» **Extracted entries**:

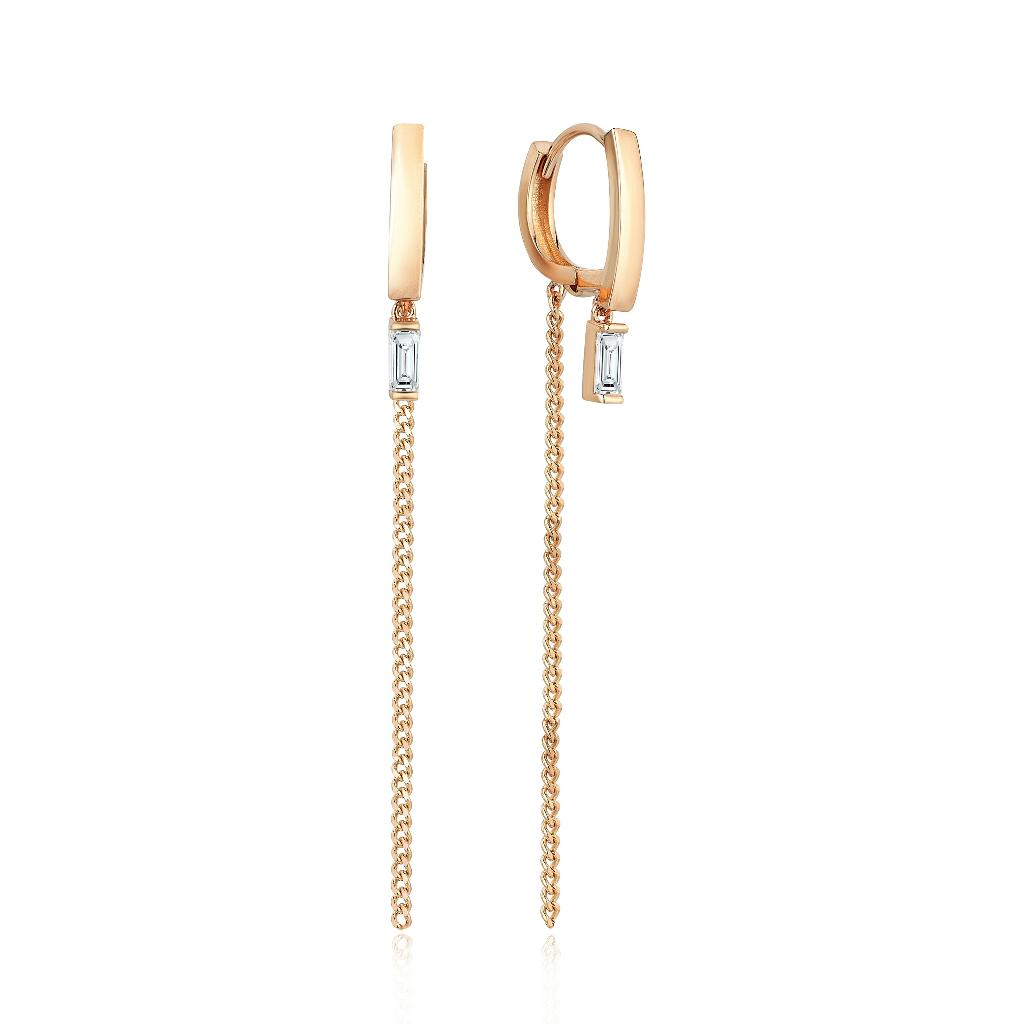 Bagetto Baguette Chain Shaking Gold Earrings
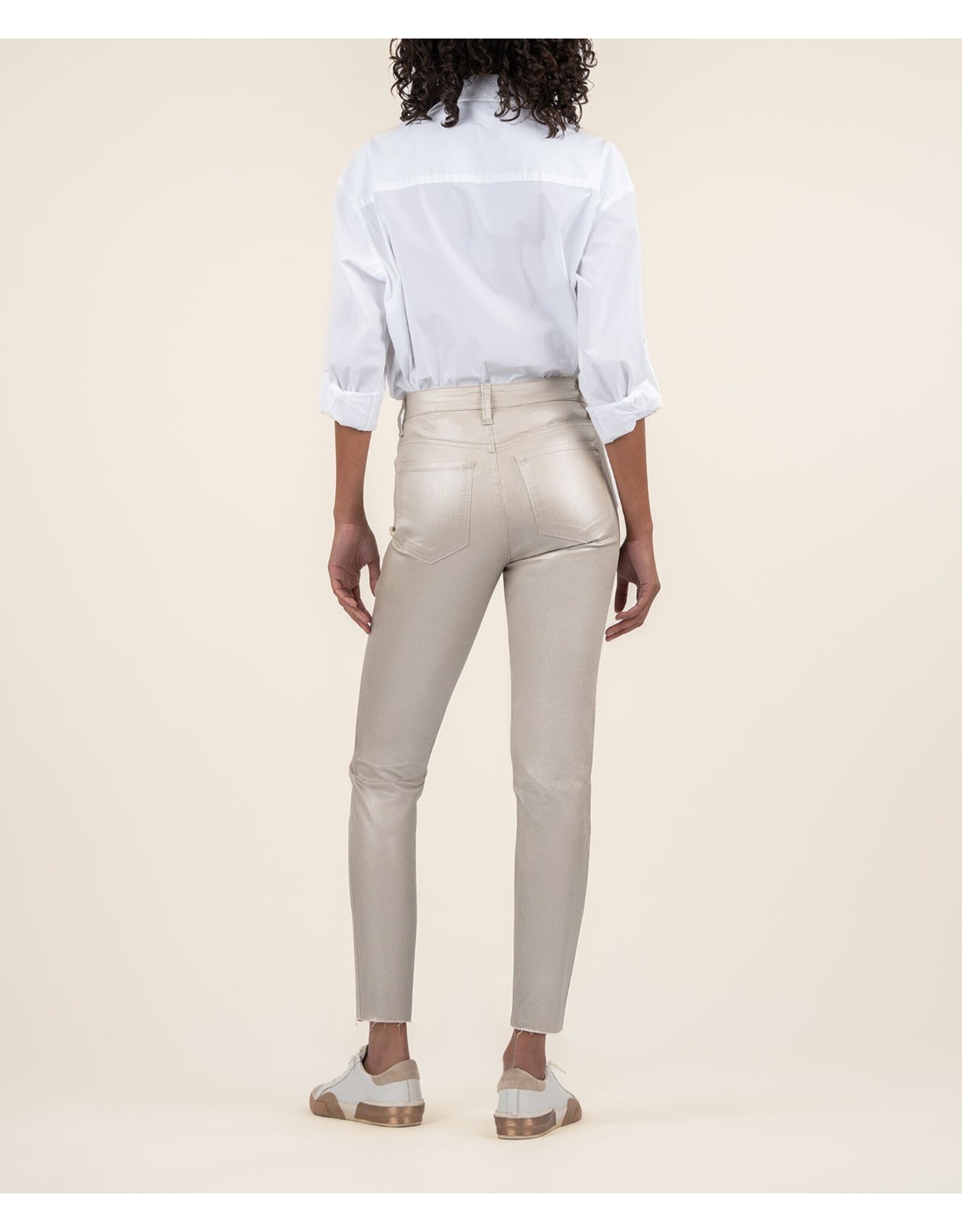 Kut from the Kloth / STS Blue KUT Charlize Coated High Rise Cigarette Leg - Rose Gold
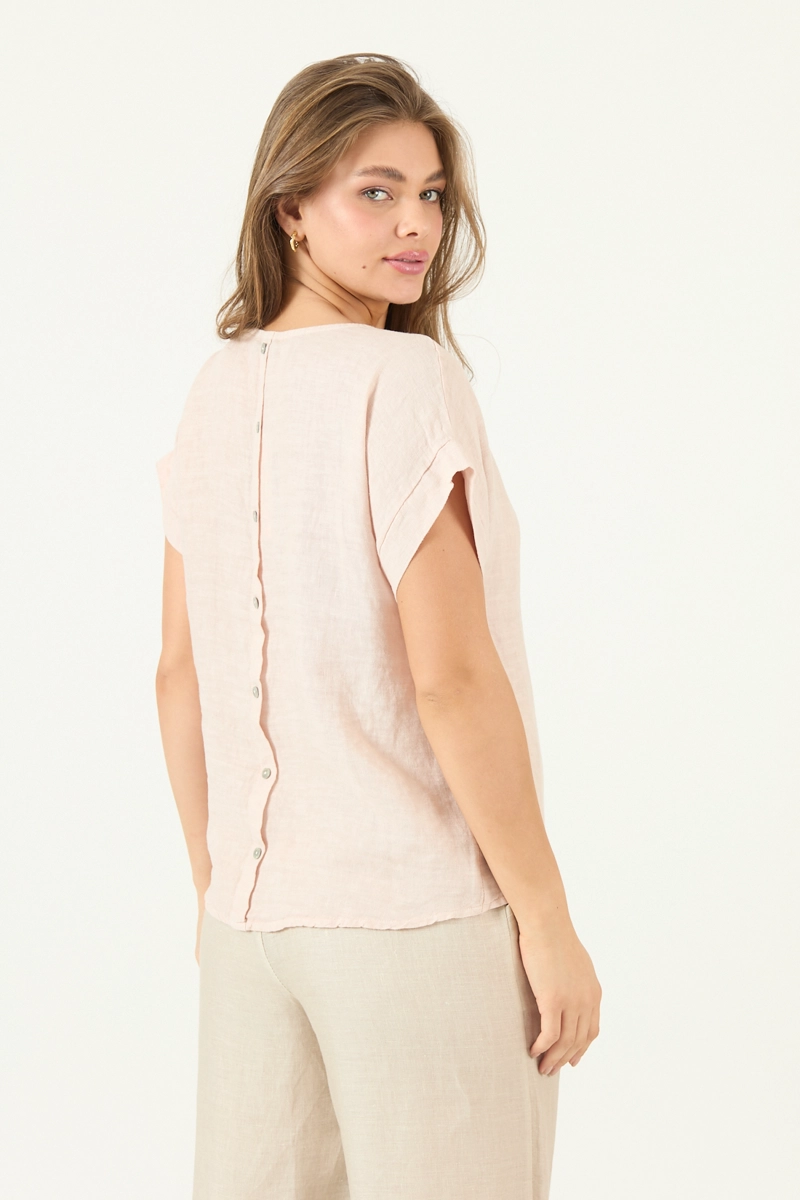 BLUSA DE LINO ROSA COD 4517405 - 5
==
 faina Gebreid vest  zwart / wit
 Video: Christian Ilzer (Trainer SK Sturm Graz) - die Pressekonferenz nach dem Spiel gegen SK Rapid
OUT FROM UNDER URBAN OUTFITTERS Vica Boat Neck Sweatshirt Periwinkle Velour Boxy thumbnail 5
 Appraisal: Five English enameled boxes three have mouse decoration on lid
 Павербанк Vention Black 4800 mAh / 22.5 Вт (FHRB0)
==
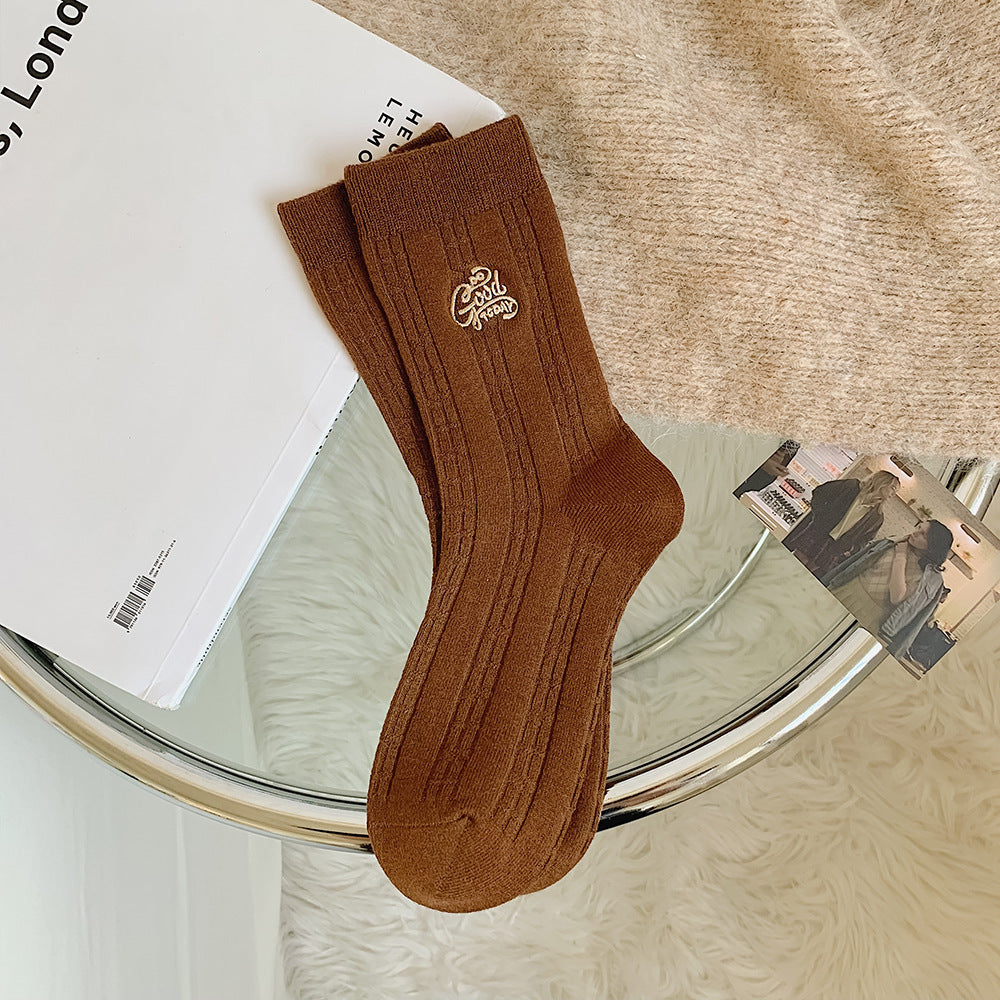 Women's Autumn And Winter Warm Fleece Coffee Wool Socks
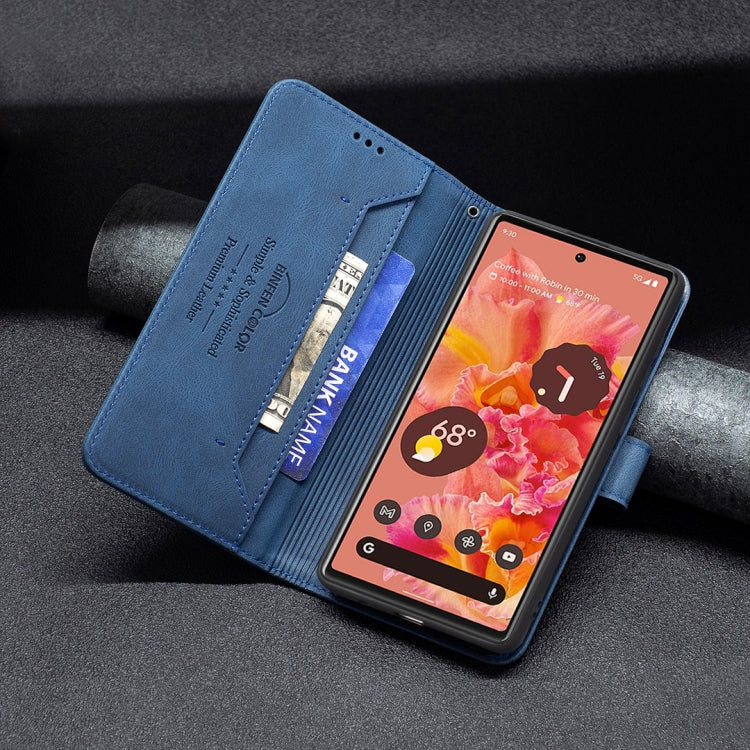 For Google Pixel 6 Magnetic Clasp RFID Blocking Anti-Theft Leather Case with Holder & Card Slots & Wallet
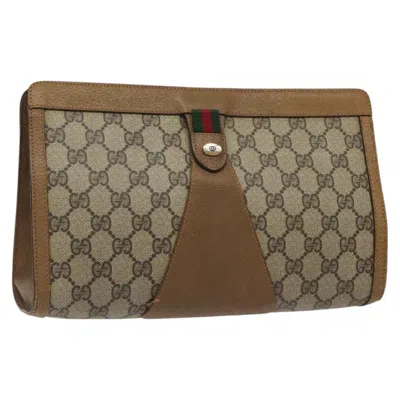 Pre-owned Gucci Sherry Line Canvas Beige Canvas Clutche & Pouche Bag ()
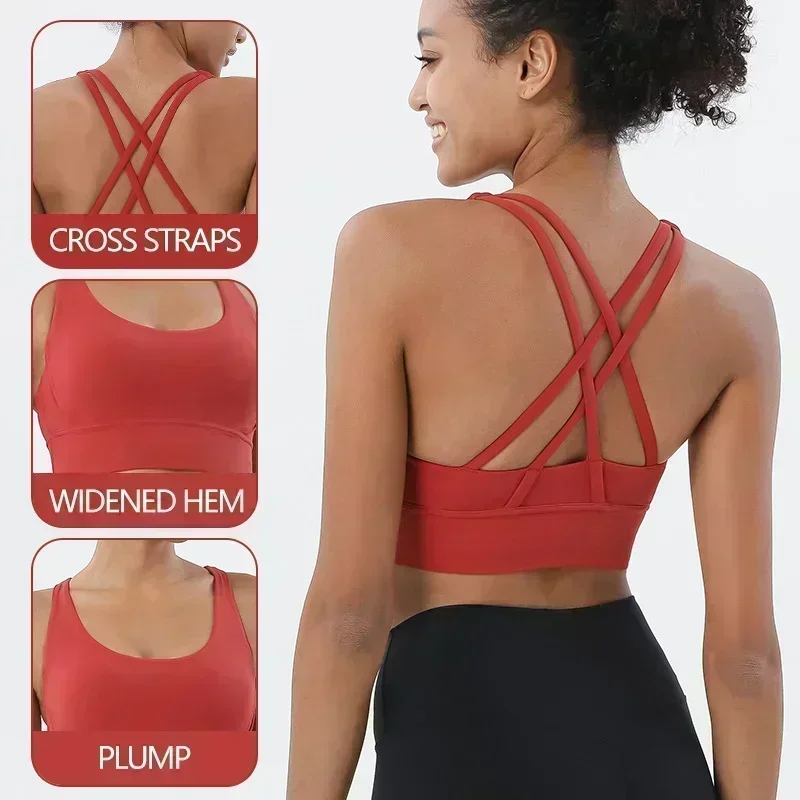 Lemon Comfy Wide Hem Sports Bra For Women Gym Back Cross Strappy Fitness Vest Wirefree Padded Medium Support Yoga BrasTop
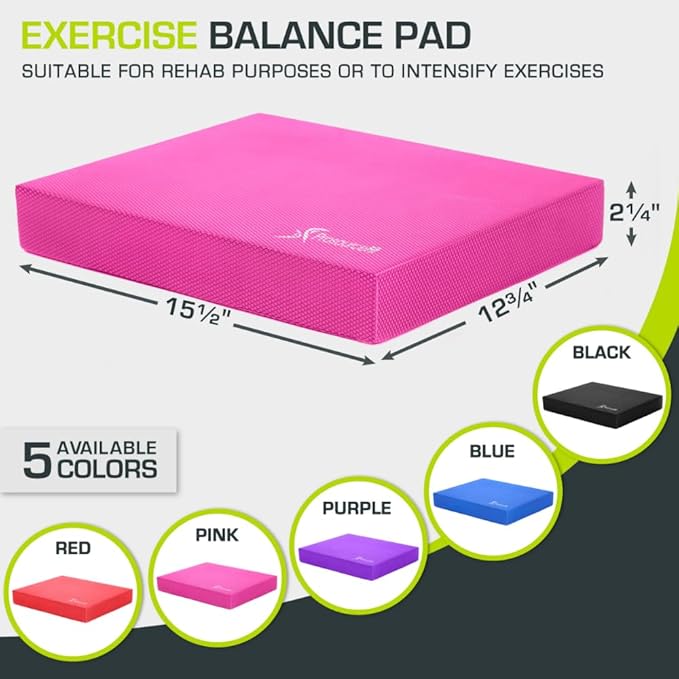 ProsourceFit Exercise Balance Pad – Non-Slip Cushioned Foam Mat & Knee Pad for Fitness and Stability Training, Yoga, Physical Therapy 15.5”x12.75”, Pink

» **Description of the task**:
Write back the stretch of lines above that begins with the line holding "Women's Autumn And" and ends with the line holding "Lemon Comfy Wide", both included, exactly as written. Pictures stay out.

» **Answer for this exercise**:
 Women's Autumn And Winter Warm Fleece Coffee Wool Socks
 For Google Pixel 6 Magnetic Clasp RFID Blocking Anti-Theft Leather Case with Holder & Card Slots & Wallet
 Pre-owned Gucci Sherry Line Canvas Beige Canvas Clutche & Pouche Bag ()
 Lemon Comfy Wide Hem Sports Bra For Women Gym Back Cross Strappy Fitness Vest Wirefree Padded Medium Support Yoga BrasTop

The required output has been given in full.